Quote:
MeisterSin said:
Can anyone suggest a weak enemy/s? (When play as Niefeheim)
|
The AI tends to implode badly with Mictlan (EA, LA) because of the dominion dynamics, but this does not necessarily make for an interesting game.
If you play on Normal, with independents on 9, and a luxuriously spacious map (ex. 20 provinces per player!), it will likely be far easier to get away with a 'conventional' army-heavy non-bless strategy. You don't have to rabidly expand against normal AIs (it's even OK to be out-expanded by them, if you're research-heavy -- crushing them late-game with magic and strategy), and if you keep the peace with them, they tend to reciprocate unless you bare your throat. If you find one early that's weak, kill him, of course.
Small crowded maps with weaker independents tend to reward aggressive high-bless strategies with really bad scales and recruitable high-quality sacreds, paired with some early boosting magic.
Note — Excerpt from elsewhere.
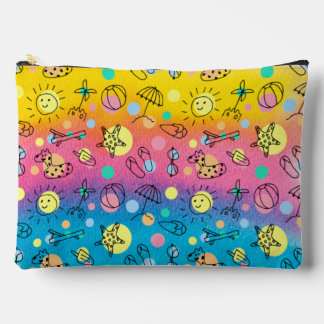 Pochette À Accessoires Aquarelle bleu rose jaune Aqua Plage mignonne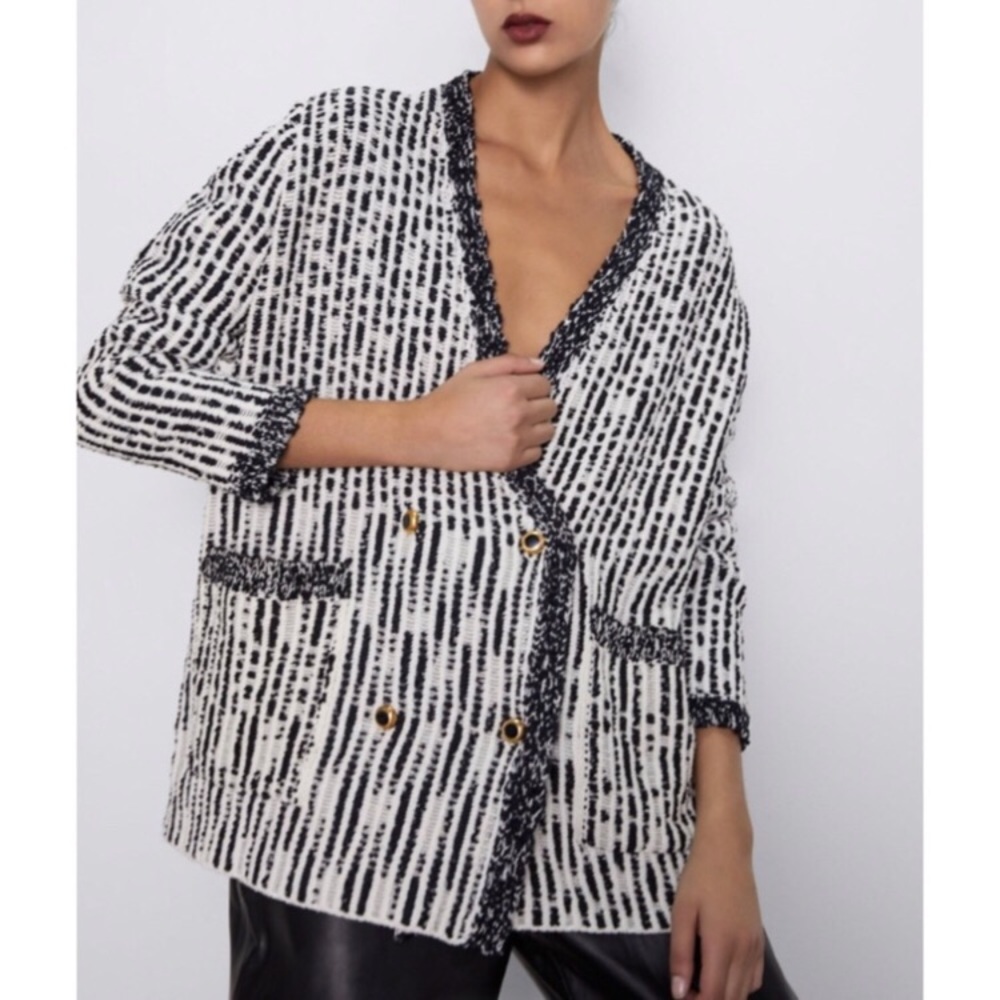 ✨⚡️💥 LAST DAY💥⚡️✨ NWT ZARA Tweed Cardigan - Picture 2 of 4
In general, you should probably avoid the water nations at first, and Ermor (LA -- undead hordes require some specialized counters), R'lyeh (LA -- nasty insanity dominion), C'tis (MA -- nasty disease dominion, and loads of poison). Flier-heavy (Caelum) and stealth (Pangaea, say) nations are considerably less nasty in the hands of an AI than they would be led by a human player, as it's not that good at making use of the mobility and/or stealth. The same goes for the magically powerful nations; the AI is better at making use of conventional armies than it is with optimizing research to make use of those nations.
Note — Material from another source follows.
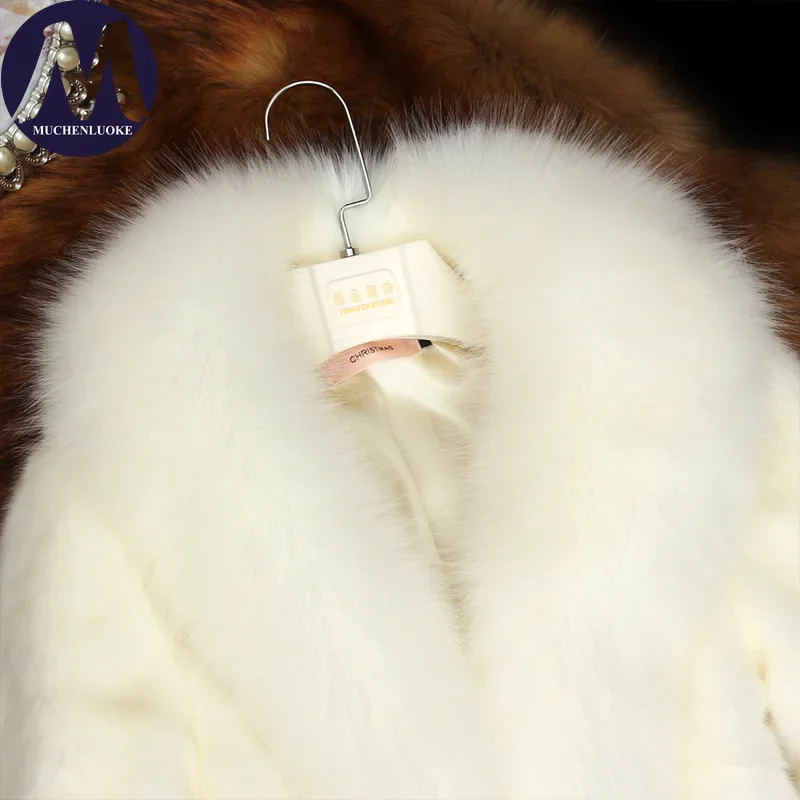 女性の毛皮のコート冬の新しい模造キツネの毛皮の襟長袖ショートジャケット韓国ファッションスリムフィット肥厚暖かいコート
You'll also notice AI weaknesses regarding the maintenance of supply lines and its stubbornness with respect to sieges -- it sets itself up for starvation, sometimes. Other times, you may be able to anticipate where it'll attack and take advantage of the turn order (moves in friendly territory go before mundane attacks) to sandbag it. Spies can be used to -really- ruin its tax base (ex. TC (MA) spamming Imperial Consorts).